OK, done, now there's a 
PyCodec_EscapeReplaceUnicodeEncodeErrors/
codecs.escapereplace_unicodeencode_errors
that uses \u (or \U if x>0xffff (with a wide build
of Python)).

> >    For example:
> > 
> >       Why can't I print u"gürk"?
> > 
> >    is probably one of the most frequently asked
> >    questions in comp.lang.python.
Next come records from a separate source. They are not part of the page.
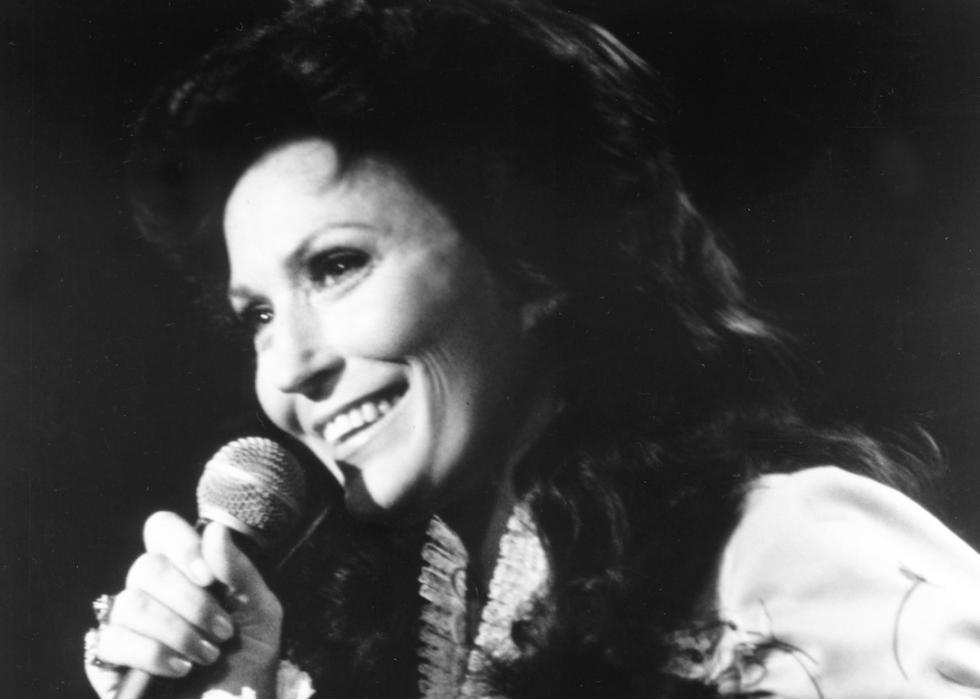 Loretta Lynn smiles with microphone.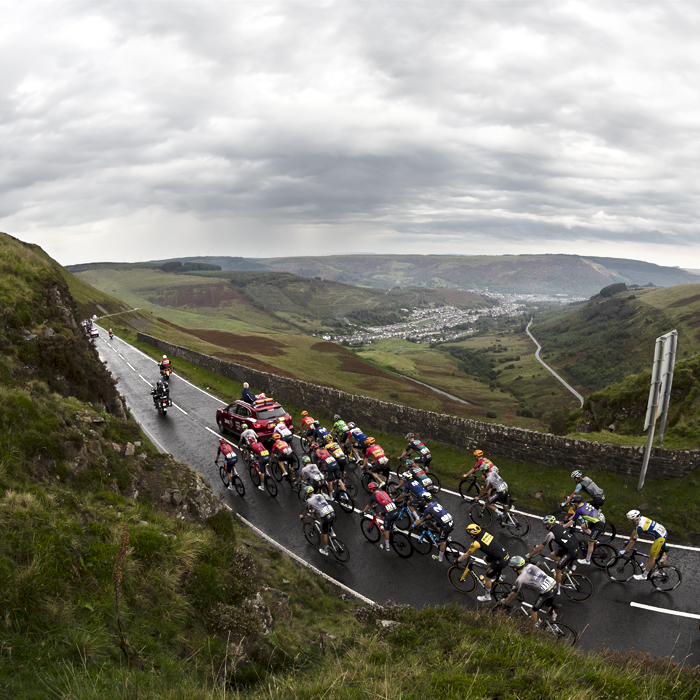 Tour of Britain 2023 - Riders on Bwlch Mountain with a view of the valley below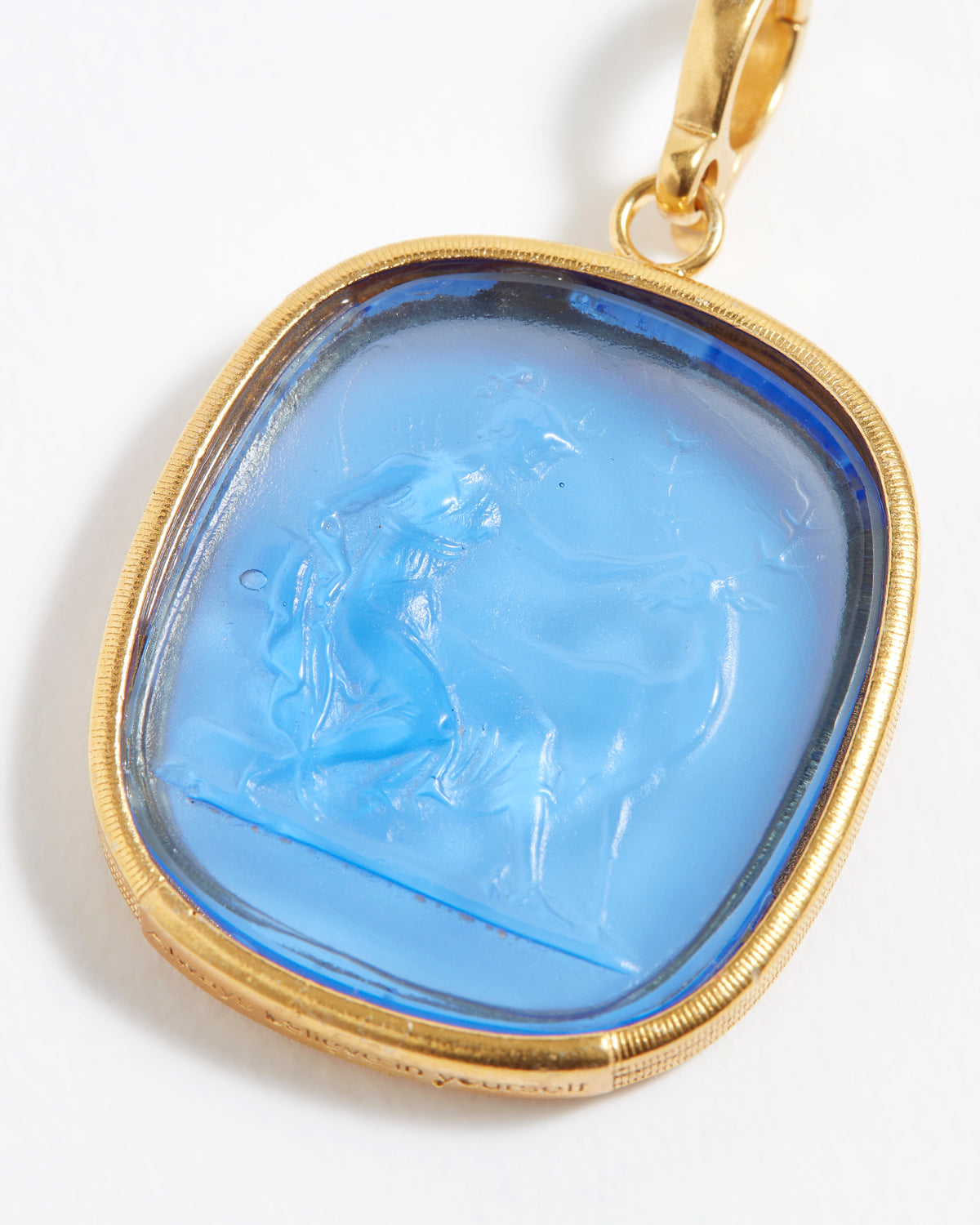 Gold pendant with a blue stone featuring an engraved design on a white background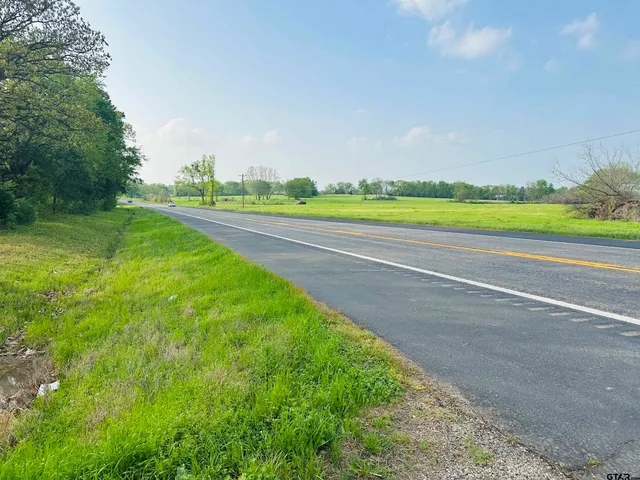 a view of a golf course with green space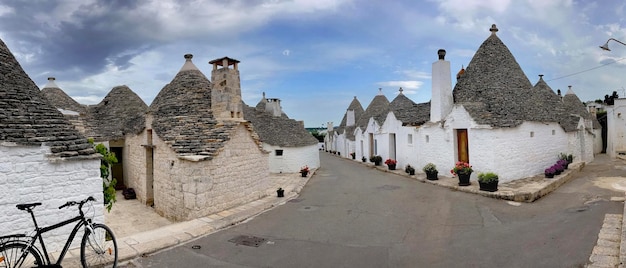 Calle bordeada por casas famosas los trulli con techo cónico en el sur de Italia en Puglia en el pueblo de Alberobello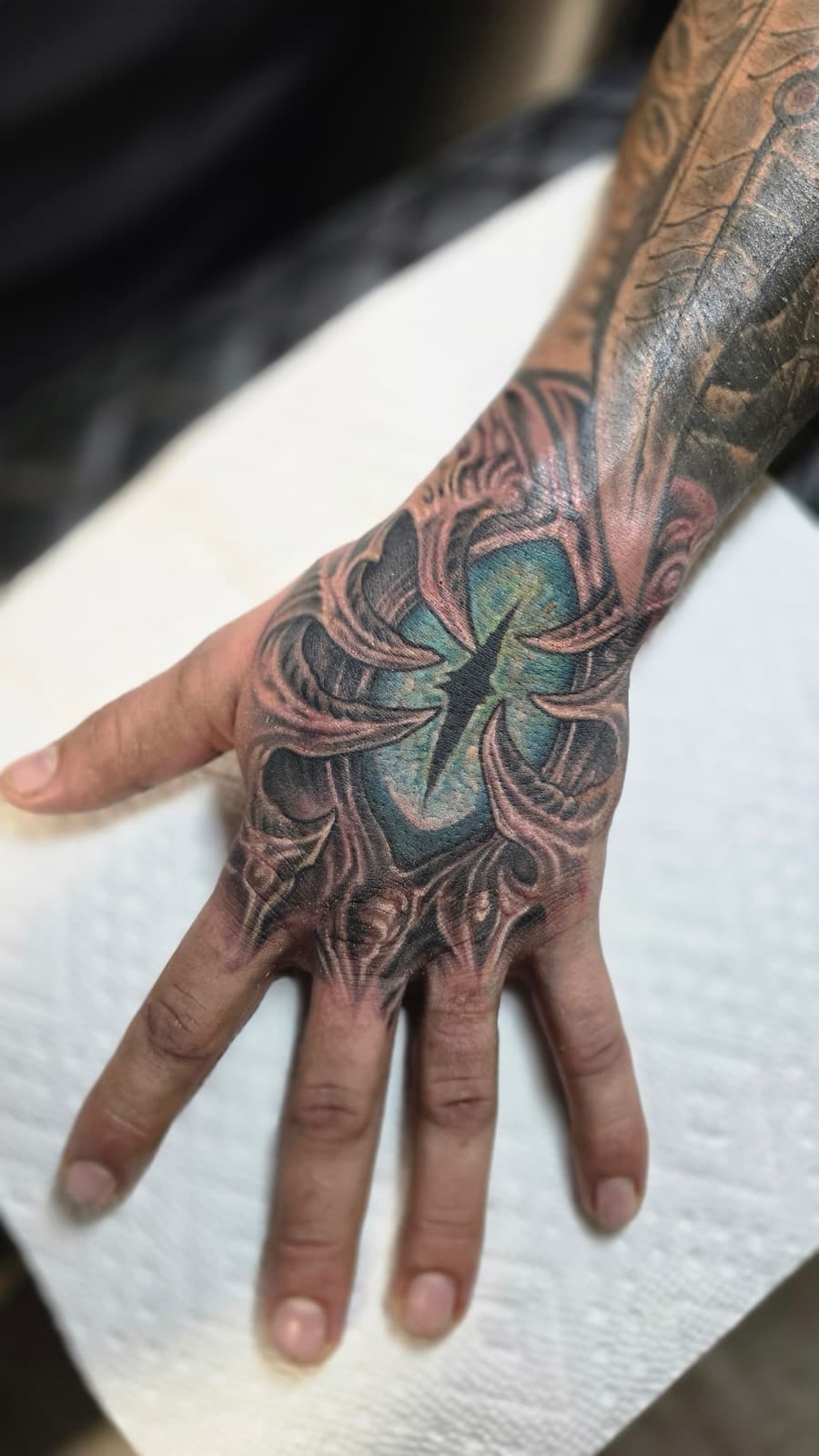 Glowing green eye with a slit pupil set in biomechanical bone on the back of the hand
For printing 
> >    Unicode stuff, print could be extended the use an 
> >    error handling callback for Unicode strings (or 
> >    objects where __str__ or tp_str returns a Unicode 
> >    object) instead of using str() which always 
> >    returns an 8bit string and uses strict encoding. 
> >    There might even be a
> >    sys.setprintencodehandler()/sys.getprintencodehandler
()
> 
> There already is a print callback in Python (forgot the
> name of the hook though), so this should be possible by 
> providing the encoding logic in the hook.

True: sys.displayhook

> [...]
> >    Should the old TranslateCharmap map to the new 
> >    TranslateCharmapEx and inherit the 
> >    "multicharacter replacement" feature,
> >    or should I leave it as it is?
> 
> If possible, please also add the multichar replacement
> to the old API. I think it is very useful and since the
> old APIs work on raw buffers it would be a benefit to have
> the functionality in the old implementation too.
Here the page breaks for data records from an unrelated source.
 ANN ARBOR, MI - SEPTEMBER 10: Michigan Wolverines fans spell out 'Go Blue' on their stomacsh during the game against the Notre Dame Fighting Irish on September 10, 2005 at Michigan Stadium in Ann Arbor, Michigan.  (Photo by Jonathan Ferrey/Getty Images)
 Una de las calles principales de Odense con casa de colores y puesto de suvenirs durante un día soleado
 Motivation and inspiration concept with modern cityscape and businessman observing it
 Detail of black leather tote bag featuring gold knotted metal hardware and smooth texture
OK! I will try to find the time to implement that in the 
next days.

> [Decoding error callbacks]
>
> About the return value:
> 
> I'd suggest to always use the same tuple interface, e.g.
> 
>     callback(encoding, input_data, input_position, 
state) -> 
>         (output_to_be_appended, new_input_position)
> 
> (I think it's better to use absolute values for the 
> position rather than offsets.)
> 
> Perhaps the encoding callbacks should use the same 
> interface... what do you think ?

This would make the callback feature hypergeneric and a
little slower, because tuples have to be created, but it
(almost) unifies the encoding and decoding API. ("almost" 
because, for the encoder output_to_be_appended will be 
reencoded, for the decoder it will simply be appended.), 
so I'm for it.

I implemented this and changed the encoders to only 
lookup the error handler on the first error. The UCS1 
encoder now no longer uses the two-item stack strategy. 
(This strategy only makes sense for those encoder where 
the encoding itself is much more complicated than the 
looping/callback etc.) So now memory overflow tests are 
only done, when an unencodable error occurs, so now the 
UCS1 encoder should be as fast as it was without 
error callbacks.

Do we want to enforce new_input_position>input_position,
or should jumping back be allowed?

> >    > > One additional note: It is vital that errors
> >    > > is an assignable attribute of the StreamWriter.
> >    >
> >    > It is already !
> > 
> >    I know, but IMHO it should be documented that an
> >    assignable errors attribute must be supported 
> >    as part of the official codec API.
> > 
> >    Misc/unicode.txt is not clear on that:
> >    """
> >    It is not required by the Unicode implementation
> >    to use these base classes, only the interfaces must 
> >    match; this allows writing Codecs as extension types.
> >    """
> 
> Good point. I'll add that to the PEP 100.

OK.

Here's is the current todo list:
1. implement a new TranslateCharmap and fix the old.
2. New encoding API for string objects too.
3. Decoding
4. Documentation
5. Test cases

I'm thinking about a different strategy for implementing 
callbacks
(see http://mail.python.org/pipermail/i18n-sig/2001-
July/001262.html)

We coould have a error handler registry, which maps names 
to error handlers, then it would be possible to keep the 
errors argument as "const char *" instead of "PyObject *". 
Currently PyCodec_UnicodeEncodeHandlerForObject is a 
backwards compatibility hack that will never go away, 
because 
it's always more convenient to type
   u"...".encode("...", "strict")
instead of
   import codecs
   u"...".encode("...", codecs.raise_encode_errors)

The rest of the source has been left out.